_Work instruction_
In the records below, the line with "NO GOP - ANTI REPUBLICAN ELEPHANT BUTTON" opens the range and the line with "(20255期)海外私域操盘" closes it; print that range exactly and nothing else.

_Source data_
--------------------

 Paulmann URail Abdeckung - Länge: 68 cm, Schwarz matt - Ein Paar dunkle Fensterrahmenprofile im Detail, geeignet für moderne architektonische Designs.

--------------------

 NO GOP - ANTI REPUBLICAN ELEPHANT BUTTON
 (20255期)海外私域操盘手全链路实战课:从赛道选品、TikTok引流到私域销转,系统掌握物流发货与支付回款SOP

--------------------

_Task result_
 NO GOP - ANTI REPUBLICAN ELEPHANT BUTTON
 (20255期)海外私域操盘手全链路实战课:从赛道选品、TikTok引流到私域销转,系统掌握物流发货与支付回款SOP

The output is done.